Please review the Planning and Recommended Configurations pages before proceeding.

In order to use Domain Time as a PTP Master, you must make the following configuration choices on the Obtain the Time property page on the Domain Time applet:

  1. Choose the Set this machine's clock by querying a list of servers radio-button.

  2. You may configure Domain Time Server as either the primary Grandmaster clock (using the Default, Enterprise, or Telecom profile), or as a backup master (using the Default or Enterprise profile).

    If this machine will be the primary Grandmaster on the network:

    1. Configure Domain Time Server to get its time from at least one (preferably three or more) trusted external time sources using either the DT2 or NTP time protocols. Note: You cannot configure Domain Time Server to obtain the time via PTP from a different master and also simultaneously serve the time using PTP (i.e. act as a boundary clock).

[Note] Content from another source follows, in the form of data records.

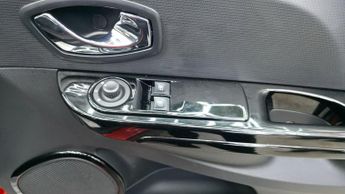 Renault Clio 1.5 dCi Dynamique MediaNav Hatchback 5dr Diesel EDC Euro 5 (90 p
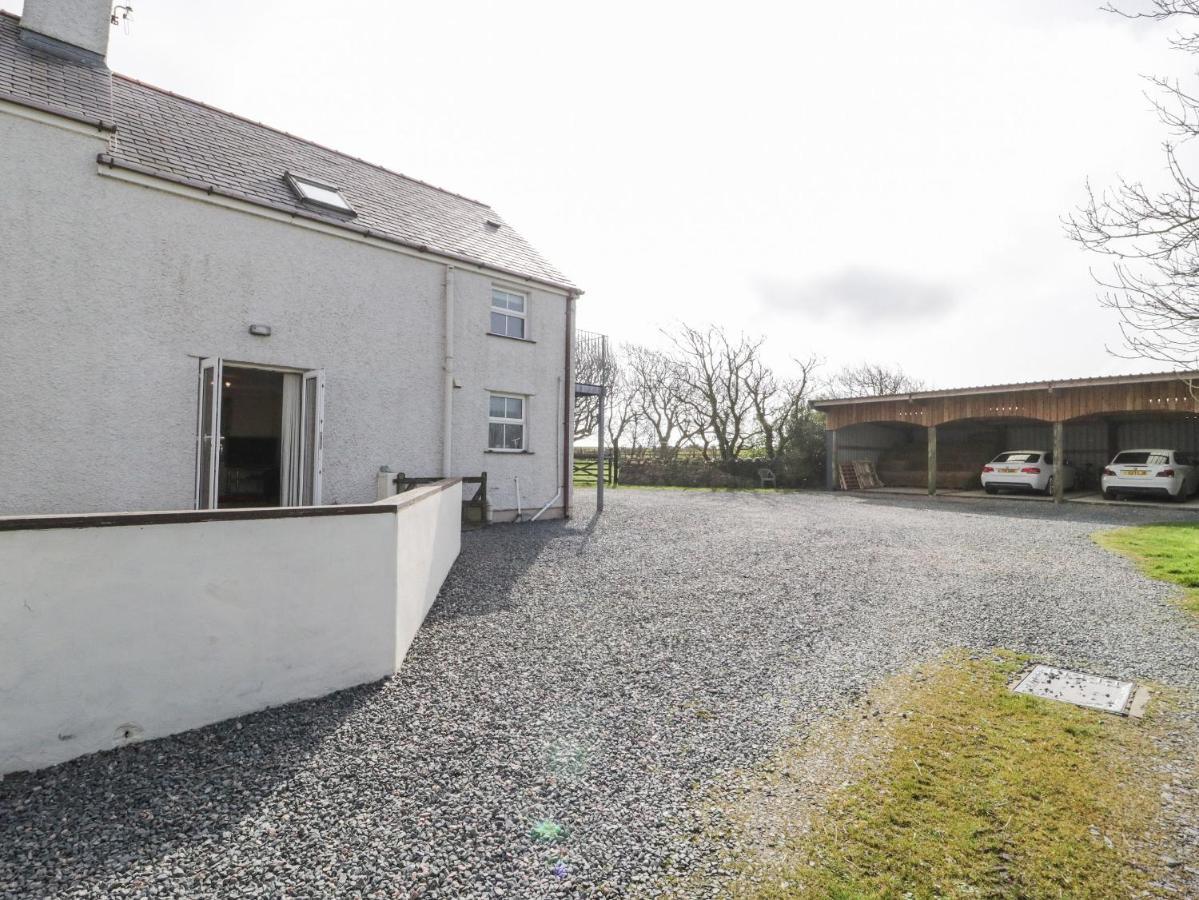 Bodegri Cottage Llanfflewyn エクステリア 写真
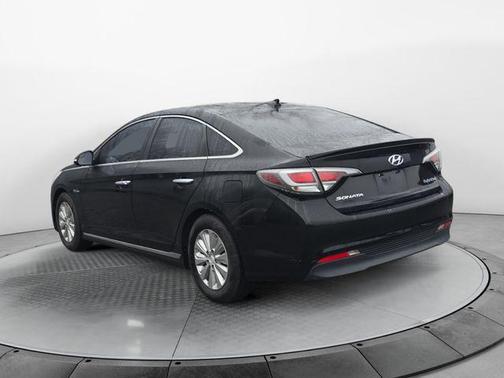 2017 Hyundai SONATA Hybrid SE
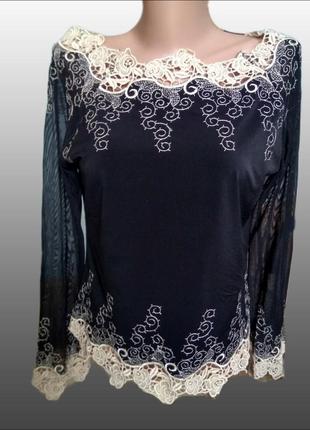 Красивая черная кофточка с кружевом вышивкой и сетчатыми прозрачными рукавами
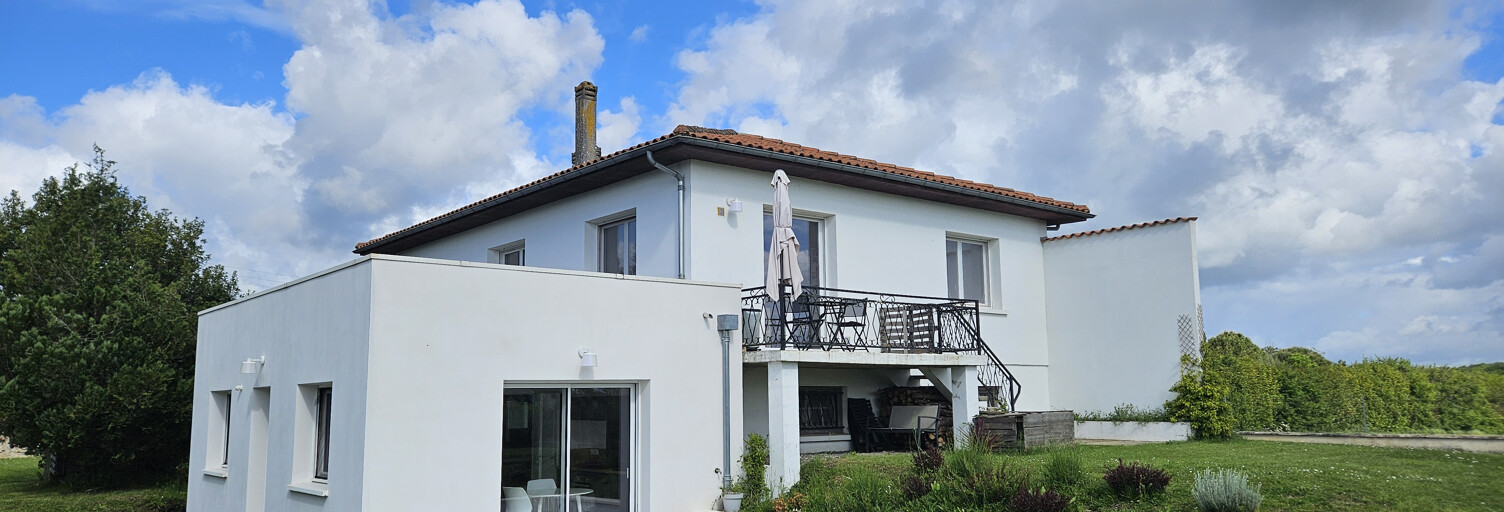 Maison 5 Pièces 137 m² à vendre à Saintes (17100)
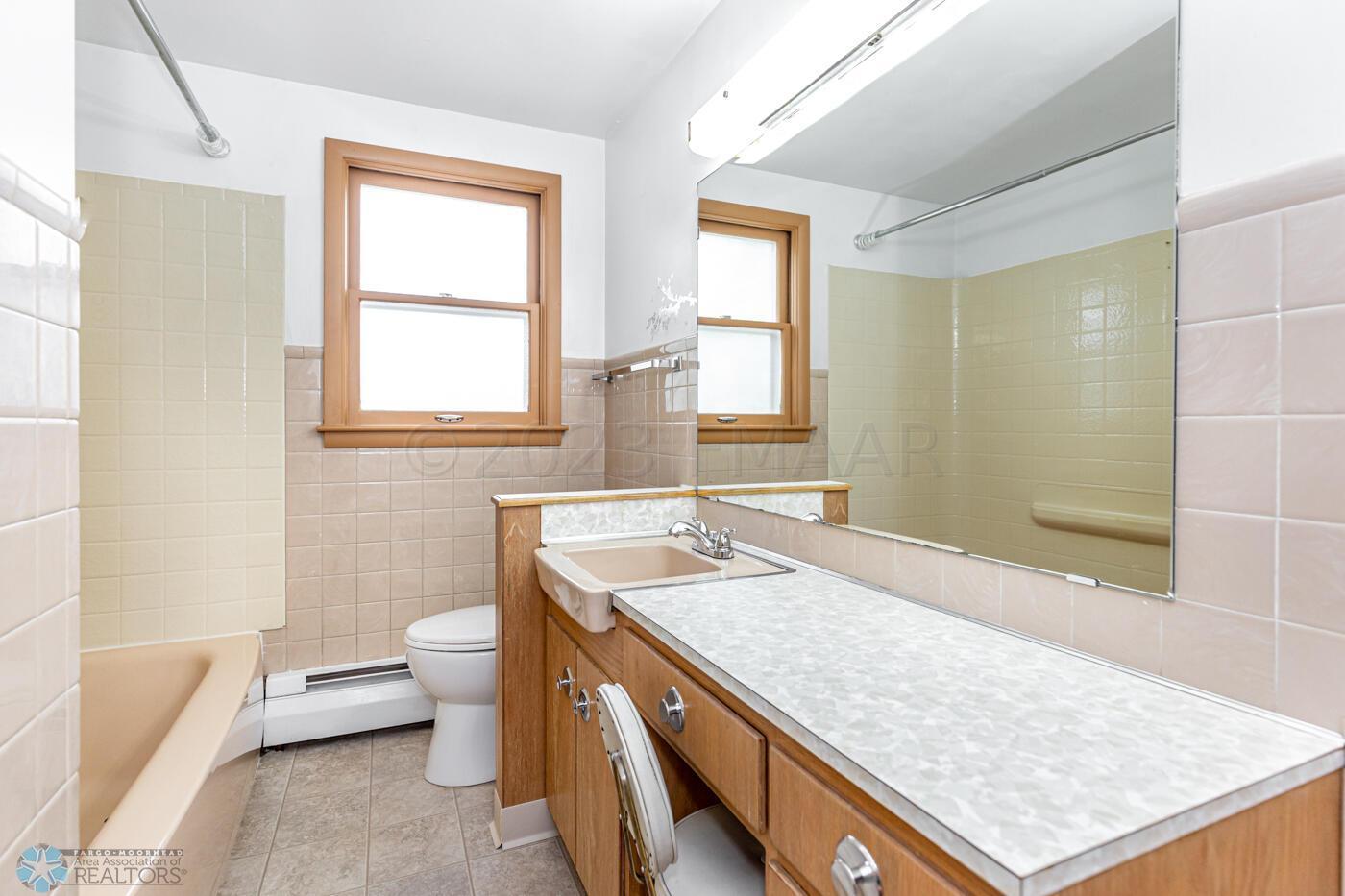 Apt. Bath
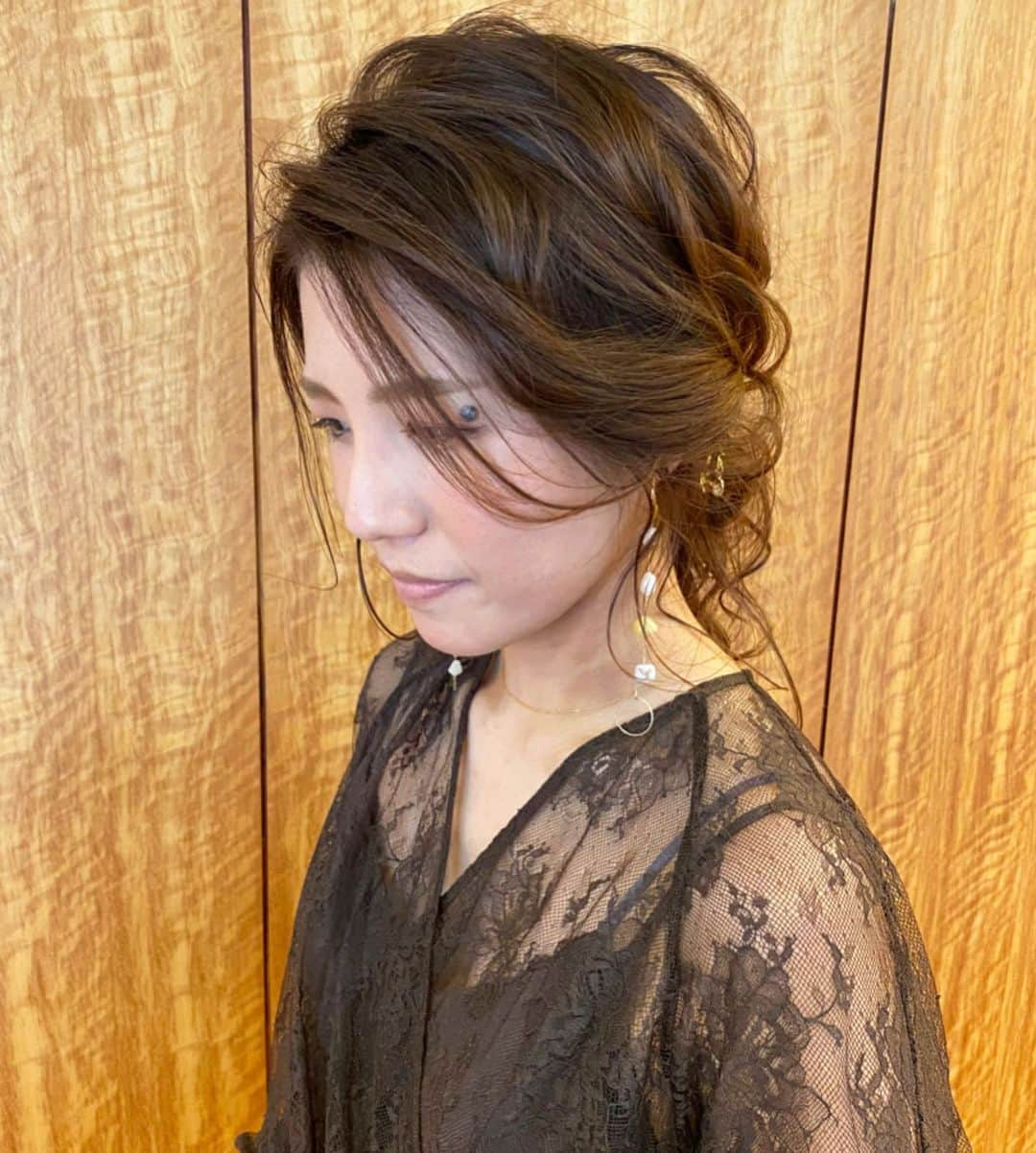 YU-U（工藤由布）さんのインスタグラム写真 - (YU-U（工藤由布）Instagram)「♡お呼ばれhair♡ 親友の結婚式へ行くそう💒💓 お任せってことでゆるっと編み☻ 大泣きだったかな🥺❓いつもありがとです❤️ ・・・ #uアレンジ #編みおろし #結婚式 #パーティーアレンジ #お呼ばれヘア #wedding #weddinghair #partyhair #bridalhair」1月18日 18時09分 - nyan22u22nyan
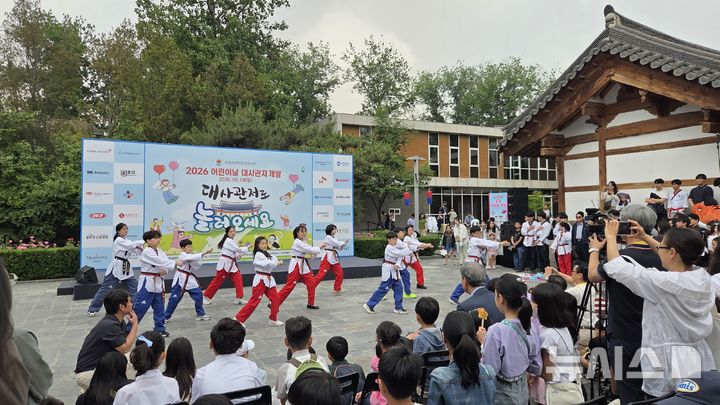 [베이징=뉴시스] 박정규 특파원 = 주중대사관이 9일 베이징과 톈진 지역 어린이 동반 가족들을 대상으로 개최한 '2026년 대사관저 개방 어린이날 행사'에서 태권도 시범단이 공연을 하고 있다. 2026.05.10 pjk76@newsis.com
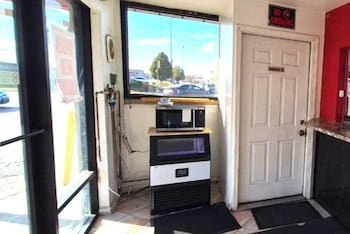 Saratoga Motel By Capital O Near Midway Airport Chicago Il,,3 star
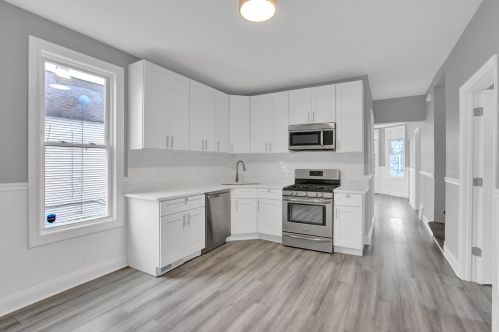 9329 Luella Ave, Chicago IL 60617-3930 exterior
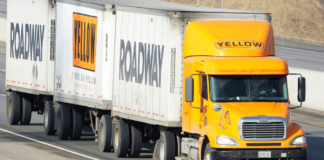 Yellow, histórica empresa transportista de Estados Unidos, detuvo operaciones y presentaría quiebra Yellow, histórica empresa transportista de Estados Unidos, detuvo operaciones y presentaría quiebra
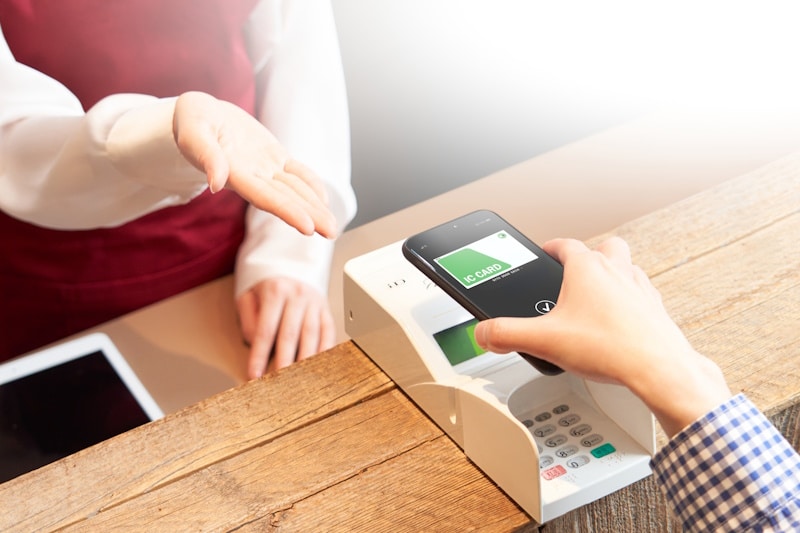 IC card contactless payment - one of the cashless payment in Japan options available to everyone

      By default, Domain Time Server will not act as a PTP Master unless it is correctly setting its own time from external sources. If you are on a closed network with no access to external time sources (or you have an internal clock card that sets the internal system clock time), you may set Domain Time Server to use the internal Windows clock as its source. To do this:

      1. Uncheck the Refuse to serve time until this machine's clock has been set checkbox.
      2. Uncheck or remove all listed time sources from the Time Sources list box

      Note: On versions, prior to 5.2.b.20200930, per the IEEE 1588 2008 RFC's the Priority 1, Priority 2, and clock accuracy are automatically set to minimum values (regardless of how you have them configured), which may prevent the server from winning the Best Master Clock election. To workaround this limitation on older versions, uncheck all time sources in the list box, then Add a new NTP time source using localhost as the host name. That way, Domain Time Server will look at itself to get the time when it starts. The PTP Server will then use the local clock as its source, but serve time using PTP with the Priority 1, Priority 2, and Clock Accuracy settings as you've configured them.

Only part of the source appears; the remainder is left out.